START The data

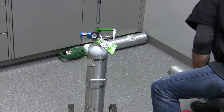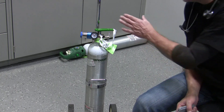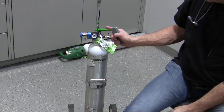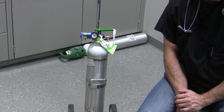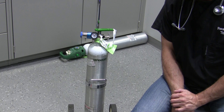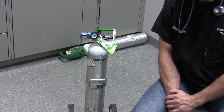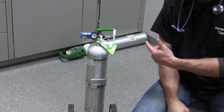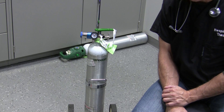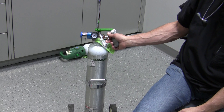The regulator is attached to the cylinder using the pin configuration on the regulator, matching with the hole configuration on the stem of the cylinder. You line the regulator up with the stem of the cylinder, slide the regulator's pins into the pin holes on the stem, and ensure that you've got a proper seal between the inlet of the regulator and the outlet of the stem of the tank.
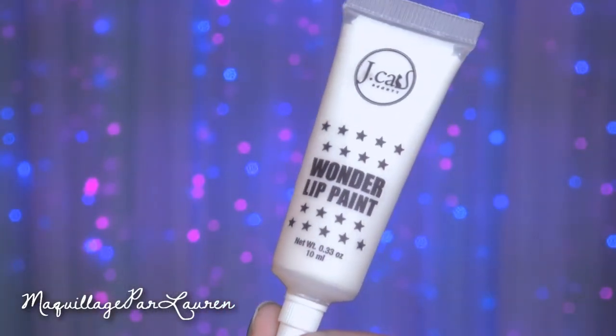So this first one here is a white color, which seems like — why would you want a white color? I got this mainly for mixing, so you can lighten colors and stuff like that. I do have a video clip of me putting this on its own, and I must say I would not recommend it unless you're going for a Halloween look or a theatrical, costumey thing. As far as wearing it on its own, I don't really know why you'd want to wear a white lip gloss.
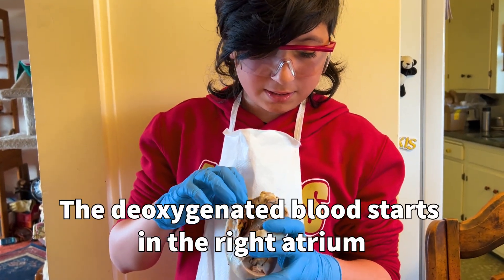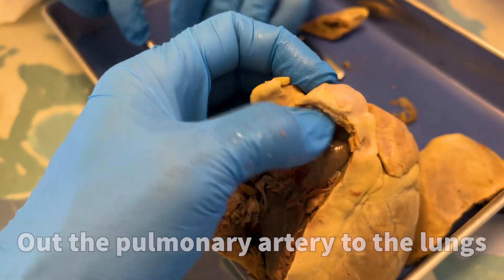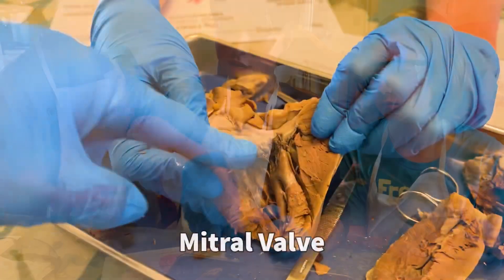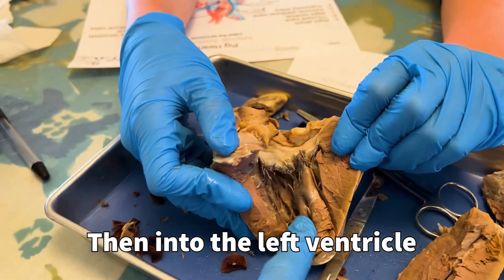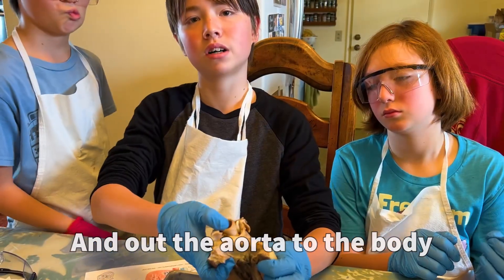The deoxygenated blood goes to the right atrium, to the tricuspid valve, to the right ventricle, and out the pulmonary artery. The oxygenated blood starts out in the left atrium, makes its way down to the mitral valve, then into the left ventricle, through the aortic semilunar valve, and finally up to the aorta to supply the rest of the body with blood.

END The data
START The data

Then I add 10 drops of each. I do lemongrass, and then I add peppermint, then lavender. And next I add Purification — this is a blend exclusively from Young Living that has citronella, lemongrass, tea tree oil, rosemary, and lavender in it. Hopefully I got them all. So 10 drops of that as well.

END The data
START The data

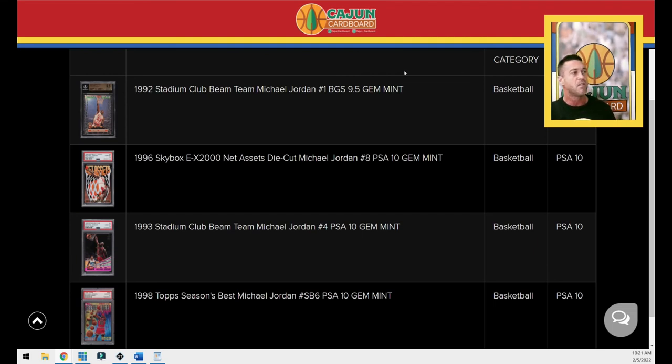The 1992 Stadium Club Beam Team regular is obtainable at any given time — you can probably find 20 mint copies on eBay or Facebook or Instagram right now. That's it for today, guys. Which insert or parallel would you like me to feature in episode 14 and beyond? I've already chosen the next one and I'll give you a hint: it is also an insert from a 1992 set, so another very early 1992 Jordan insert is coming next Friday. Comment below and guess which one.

END The data

### Task description
Here the job is to copy the stretch of records from the line containing "The regulator is" through the line containing "The deoxygenated blood", word for word. Leave every picture out.

### Completed task
The regulator is attached to the cylinder using the pin configuration on the regulator, matching with the hole configuration on the stem of the cylinder. You line the regulator up with the stem of the cylinder, slide the regulator's pins into the pin holes on the stem, and ensure that you've got a proper seal between the inlet of the regulator and the outlet of the stem of the tank.
So this first one here is a white color, which seems like — why would you want a white color? I got this mainly for mixing, so you can lighten colors and stuff like that. I do have a video clip of me putting this on its own, and I must say I would not recommend it unless you're going for a Halloween look or a theatrical, costumey thing. As far as wearing it on its own, I don't really know why you'd want to wear a white lip gloss.
The deoxygenated blood goes to the right atrium, to the tricuspid valve, to the right ventricle, and out the pulmonary artery. The oxygenated blood starts out in the left atrium, makes its way down to the mitral valve, then into the left ventricle, through the aortic semilunar valve, and finally up to the aorta to supply the rest of the body with blood.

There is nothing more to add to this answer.